Below are several entries. Transcribe exactly those lines that fall from the one with "Nagroda żółty świecący" through the one with "jersey laminato squame", end lines included.
* * * * * * *
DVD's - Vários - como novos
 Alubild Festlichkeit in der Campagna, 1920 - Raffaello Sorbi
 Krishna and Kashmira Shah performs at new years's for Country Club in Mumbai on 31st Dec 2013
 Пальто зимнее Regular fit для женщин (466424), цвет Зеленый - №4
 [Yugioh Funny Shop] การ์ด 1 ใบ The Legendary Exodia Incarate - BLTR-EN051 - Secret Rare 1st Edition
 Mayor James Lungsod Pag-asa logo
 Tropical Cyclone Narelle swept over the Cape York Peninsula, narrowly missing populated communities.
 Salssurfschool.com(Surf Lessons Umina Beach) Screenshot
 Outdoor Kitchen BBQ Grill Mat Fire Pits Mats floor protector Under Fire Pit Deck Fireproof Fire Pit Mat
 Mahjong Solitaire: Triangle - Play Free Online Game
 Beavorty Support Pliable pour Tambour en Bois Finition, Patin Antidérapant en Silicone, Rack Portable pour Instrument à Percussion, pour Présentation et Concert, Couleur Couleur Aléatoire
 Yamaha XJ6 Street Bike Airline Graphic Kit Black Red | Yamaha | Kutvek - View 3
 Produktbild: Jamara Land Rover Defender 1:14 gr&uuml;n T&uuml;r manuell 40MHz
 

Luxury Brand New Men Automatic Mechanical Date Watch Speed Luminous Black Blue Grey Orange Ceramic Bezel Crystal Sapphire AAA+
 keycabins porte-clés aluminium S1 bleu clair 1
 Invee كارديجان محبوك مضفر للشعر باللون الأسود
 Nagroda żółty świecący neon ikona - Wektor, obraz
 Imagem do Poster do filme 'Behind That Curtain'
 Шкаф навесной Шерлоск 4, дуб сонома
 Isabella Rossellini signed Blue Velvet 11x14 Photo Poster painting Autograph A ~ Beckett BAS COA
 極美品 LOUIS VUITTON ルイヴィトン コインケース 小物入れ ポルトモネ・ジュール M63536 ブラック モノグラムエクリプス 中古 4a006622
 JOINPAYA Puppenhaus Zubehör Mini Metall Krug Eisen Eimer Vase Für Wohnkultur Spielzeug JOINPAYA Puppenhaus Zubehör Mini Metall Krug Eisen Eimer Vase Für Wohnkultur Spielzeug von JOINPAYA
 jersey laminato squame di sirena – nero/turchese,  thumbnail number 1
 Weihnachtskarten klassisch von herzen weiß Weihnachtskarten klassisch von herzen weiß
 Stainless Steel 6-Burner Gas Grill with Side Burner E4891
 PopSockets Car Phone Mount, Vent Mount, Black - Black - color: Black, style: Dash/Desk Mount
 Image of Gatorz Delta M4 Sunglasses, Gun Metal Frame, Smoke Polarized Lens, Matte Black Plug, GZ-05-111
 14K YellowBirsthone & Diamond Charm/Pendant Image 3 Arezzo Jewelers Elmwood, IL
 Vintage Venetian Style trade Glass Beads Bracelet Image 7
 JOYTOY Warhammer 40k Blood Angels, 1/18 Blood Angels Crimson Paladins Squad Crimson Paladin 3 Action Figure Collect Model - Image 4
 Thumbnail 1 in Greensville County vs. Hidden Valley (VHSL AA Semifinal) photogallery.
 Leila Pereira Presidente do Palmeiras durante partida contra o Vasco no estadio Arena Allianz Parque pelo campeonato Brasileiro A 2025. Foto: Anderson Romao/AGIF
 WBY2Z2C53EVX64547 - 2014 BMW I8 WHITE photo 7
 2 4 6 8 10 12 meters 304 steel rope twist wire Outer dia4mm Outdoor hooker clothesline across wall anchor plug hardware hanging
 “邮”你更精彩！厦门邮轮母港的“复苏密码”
* * * * * * *
▸ **Response to the exercise**:
 Nagroda żółty świecący neon ikona - Wektor, obraz
 Imagem do Poster do filme 'Behind That Curtain'
 Шкаф навесной Шерлоск 4, дуб сонома
 Isabella Rossellini signed Blue Velvet 11x14 Photo Poster painting Autograph A ~ Beckett BAS COA
 極美品 LOUIS VUITTON ルイヴィトン コインケース 小物入れ ポルトモネ・ジュール M63536 ブラック モノグラムエクリプス 中古 4a006622
 JOINPAYA Puppenhaus Zubehör Mini Metall Krug Eisen Eimer Vase Für Wohnkultur Spielzeug JOINPAYA Puppenhaus Zubehör Mini Metall Krug Eisen Eimer Vase Für Wohnkultur Spielzeug von JOINPAYA
 jersey laminato squame di sirena – nero/turchese,  thumbnail number 1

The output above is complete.